He couldn't use analogies (Void-Ripping Swords and Sentient Golems).

He picked up his new, amended list from the desk.

RULES FOR NOT ACCIDENTALLY ENDING THE WORLD (v2.0):

MORE. THEORETICAL. PHYSICS. (Re-underlined. In anger.) No advanced mathematics.No abstract philosophy. (He'd almost forgotten this one. Almost.) MORE. ANALOGIES. (No zippers. No machines. No "mountain snoring." Nothing.) Do not show emotion. (Panic is mistaken for 'divine test.' Anger is mistaken for 'cosmic judgment.') Do not teach. (This was the most important one. He would just be... a silent Yes. That was it. A mute, profound master. Gods were often silent, weren't they?)

He felt a small measure of calm return. He just had to be quiet. He would sit, read, and ignore them. They would get bored and... do... whatever it is overpowered disciples do. Tend his magic garden? Good. Sweep his porch? Excellent.

He needed to de-stress. His predecessor had owned a small, surprisingly well-made lute. Kalagar, in his old life, had been a passable folk musician. It was his one, non-academic hobby. He picked it up from its stand by the unlit fireplace, the smooth, dark wood cool in his hands.

He sat in his rocking chair, closed his eyes, and began to play. Just a simple, melancholic, E-minor tune. A sea shanty from a world now dead. He let his mind drift, the simple notes a balm on his frayed, terrified nerves.

He was a philosopher at heart. He couldn't stop his brain. As he played, he began to hum, and as he hummed, he began to muse.

"What a ridiculous mess," he muttered quietly to the empty room. "Trapped by my own students. What would Descartes say?"

He plucked a chord, letting it ring out.

"Cogito ergo sum..." he whispered, then half-sung the phrase, fitting it to the tune. "I think... therefore I am..."

It was his favorite philosophical axiom. The bedrock of all self-awareness. The one, inescapable truth in a universe of doubt. Even if everything was a lie, the act of doubting proved the existence of the doubter.

"I think... therefore I am..."

He sang it again, a little louder, losing himself in the simple, profound beauty of the concept. It was just a song. Just a thought. Just a man in a locked cabin, trying to find his center.

He was, blissfully and entirely, unaware of the true nature of his new world.
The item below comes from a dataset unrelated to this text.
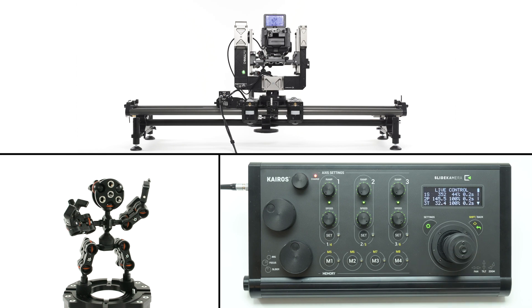For more details about using the Kyros panel and advanced configuration, download the user manual from slidecamera.com.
He did not know that his cabin, now infused with the residue of three world-changing spells, was no longer just wood. It was a focal point. A divine conduit. His "Level 0" voice, spoken within its walls, no longer came out as a whisper.

It broadcast.

Outside, the atmosphere was one of electric, sacred purpose.

"The Master has tasked us with our foundation!" Boro declared, his voice booming. He had unrolled a massive sheet of cured leather and was sketching with a piece of glowing, rune-scribed charcoal. "This... 'shed'... shall be our 'Sect Hall'! It must be worthy!"
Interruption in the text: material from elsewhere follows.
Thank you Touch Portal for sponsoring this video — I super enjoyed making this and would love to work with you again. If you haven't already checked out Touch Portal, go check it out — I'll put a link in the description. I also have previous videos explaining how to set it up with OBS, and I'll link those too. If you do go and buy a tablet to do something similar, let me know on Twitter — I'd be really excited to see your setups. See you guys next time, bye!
"It must be precise," Lila corrected, taking on her role as senior disciple. "The Master despises waste."

"Indeed." Valerius, his rapier sheathed, was staring at a massive, hundred-foot-tall pine tree. "You need lumber, Artificer Boro?"

"I do, Swordsman Valerius!" Boro grinned, his tusks glinting. "I need six-by-six beams, twenty feet long. Forty of them. And eight-by-eight beams... ten of them. And four hundred planks, precisely one-inch thick."
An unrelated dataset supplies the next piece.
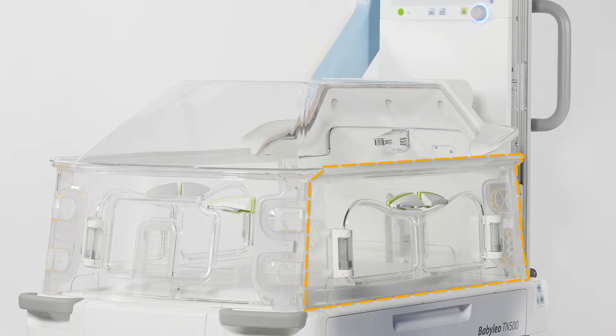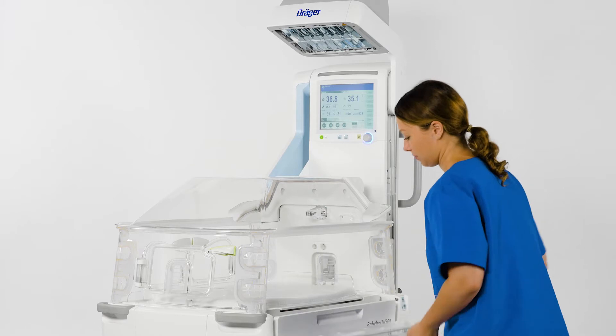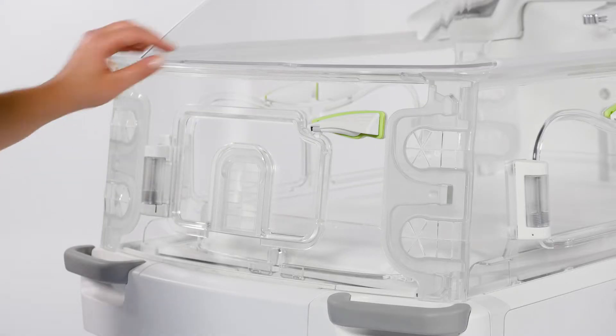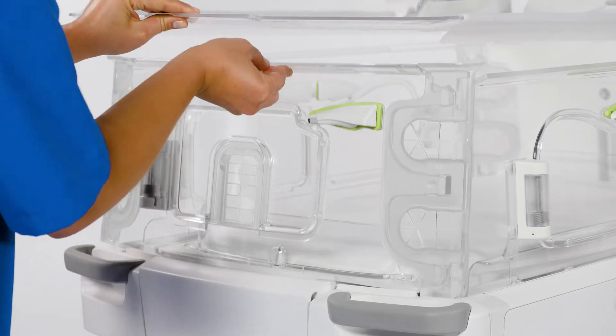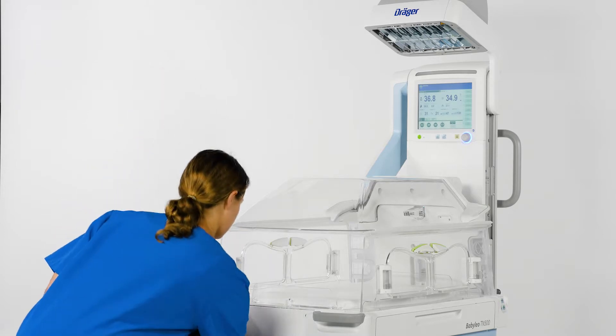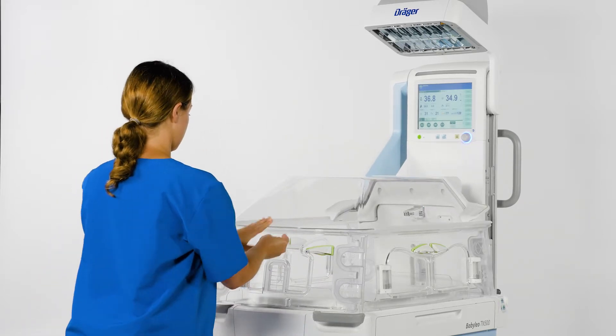To open the long side access panel, take hold of the recessed grip located in the middle underneath the top edge. Gently raise the access panel and fold it down. For the front side access panel, first gently raise the hood a little upwards. Then raise the panel and fold it down. To close an access panel, fold it up and lower it slightly.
"A crude task," Valerius sighed. He approached the tree. He closed his eyes, his hand on his rapier's hilt. He wasn't seeing a tree. He was seeing a garment. A complex pattern of seams. He saw the 'zipper' for a 20-foot beam. He saw the 'zipper' for a one-inch plank.

Zzzzzzzip. Zzzzzip. Zip. Zip. Zip.

He didn't swing his sword. He just pulled. The air tore with that sickening, soundless rip.

The massive pine tree did not fall. It simply... disassembled.

It collapsed into a perfect, neat stack of lumber. Beams here. Planks there. Sawdust... nowhere. Not a single particle was wasted.

Lila, not to be outdone, placed her hands on the stack. "The wood is 'hungry.' Master taught me..." She began to hum, channeling the [Anthem of Life]. A faint, green light infused the lumber, making it stronger, more durable, and sealing the grain with pure, living energy.

"Magnificent!" Boro roared. He pointed at the stack. "If log-present, then assemble-frame!"

At his command, his tiny brass golem (which they'd dubbed 'Cogsworth') whirred into action. But Boro, too, was working. He was engraving his new [True Creation Runes] onto the foundation stones.

And that... was when the music began.

A faint, haunting melody drifted from the locked cabin. The three disciples froze.

"Shhh!" Lila hissed. "Listen! The Master... he is... is he singing?"

They fell silent.

The wind died.

The birds stopped chirping.

Then, they heard it. A single, clear, baritone voice, woven into the lute's melody, singing a divine, alien chant.

"I... think... therefore... I... AM..."

The words were simple. But they were his words. They struck the three disciples like a physical blow. It was not a lesson. It was not a test.

It was a Declaration.

It was their Master, in his divine solitude, reminding the universe of his own existence.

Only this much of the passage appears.